So much of my year was datacenter moves. :(

Scrapers and outages

This year was sadly also the year of the scrapers. They are hammering pretty much everyone these days and it's quite sad. We did deploy anubis and it really helped a lot for most of the scrapers, but the's another group of them it wasn't able to. For those before the holidays I just tossed enough resources at our stuff that they can scrape and we can just not care. I'm not sure what next year will look like for this however, so we will just keep doing the best we can. I did adjust caching some that also really helped (all the src static files are cached now).

There were also a number of outages toward the end of the year, which I really am not happy about.
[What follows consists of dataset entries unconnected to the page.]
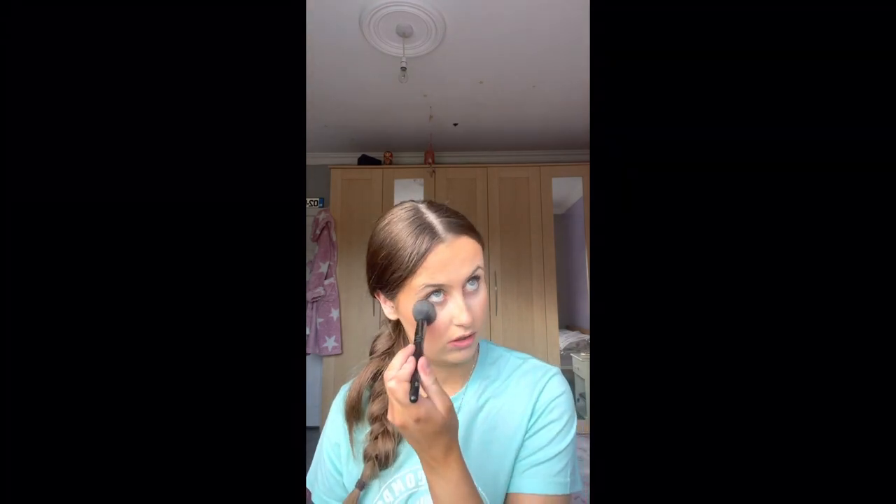After that I use Rimmel London stay matte powder in shade 001 transparent. I get my Elf Cosmetics brush and go under the eyes to brighten it up and sometimes down the nose and on the forehead. Then I use the same powder but in shade 006 warm beige with my foundation brush and tap it to carve out my contour, blending everything together nicely.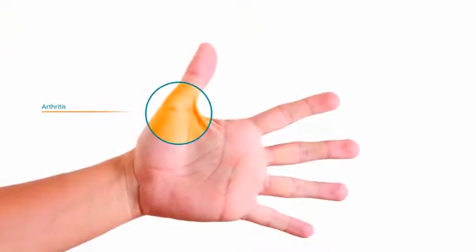Hi, I'm Dr. Bennett Brown, a hand and upper extremity specialist here at the Orlin & Cohen Orthopedic Group. Today I would like to talk about thumb arthritis.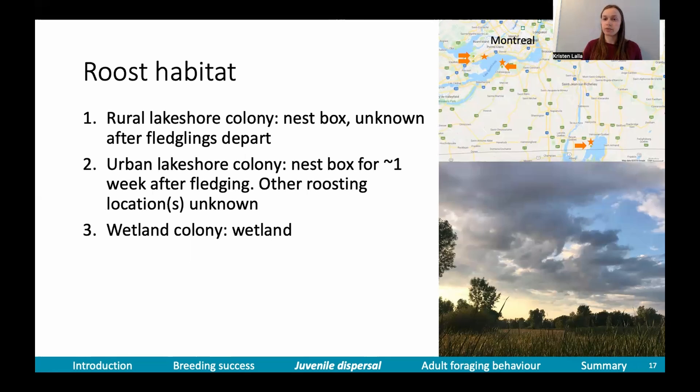We found some interesting things for roost habitat, and we found different things across the three colonies. At our rural lakeshore colony, where birds had agricultural and lake habitat available, we found that birds roosted in the nest box, and after they departed the colony we weren't able to locate them. At our urban lakeshore colony, birds also roosted in their nest box for about a week after fledging, and then we were not able to find them. At our wetland colony, we found exactly what we expected — those birds were using the wetland to roost. This suggests that wetland is a safe habitat, and maybe if wetland isn't available, birds use the nest box as a secondary safe habitat.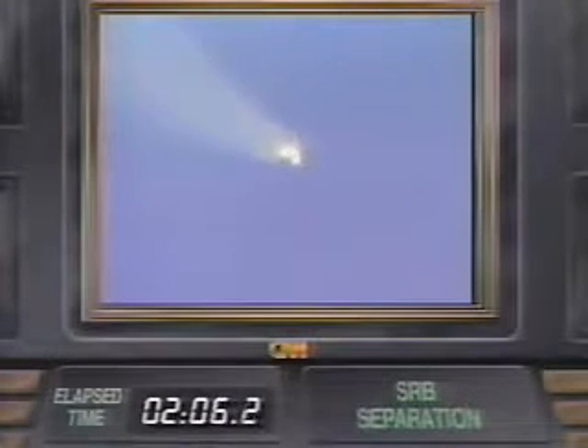Stand by for SRB separation. And we had SRB separation. Downrange 30 nautical miles now, 187,000 feet.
There were a number of reasons for them:

  • A tcp_timeout issue which turned out to be a firewall bug that was super hard to track down.

  • The scrapers causing outages.

  • I myself caused a few outages with a switching loop of power10 lpars. ;(

  • Various smaller outages.

We have dicusssed a bunch of things to improve outages and preventing them, so hopefully next year will be happier on that front.

Power10

Speaking of power10, that was quite the saga. We got the machines, but the way we wanted to configure them didn't end up working so we had to move to a much more complex setup using a virtual hardware management console appliance and lpars and sr-iov and more. It's pretty complex, but we did get everything working in the end.

Fedora releases

We got Fedora 42 and 43 released this year, and pretty much on time too. 43 seems to be a release with a lot of small issues sadly, not sure why. From the postgresql upgrades, dovecot changing config format completely, nftables not enabled and matrix-synapse not being available, my home upgrades were not as smooth as usual.

Home Assistant

This was defintely a fun year of poking at home assistant and adding sensors and tweaking around with it. It's a nice fun hobby and does give you real data to solve real problems around your house. Also, all your data is your own and stored locally. This has really turned my perception of iot things all around. Before I woulde deliberately not connect things, now I connect them if they can be made only to talk to my home assistant.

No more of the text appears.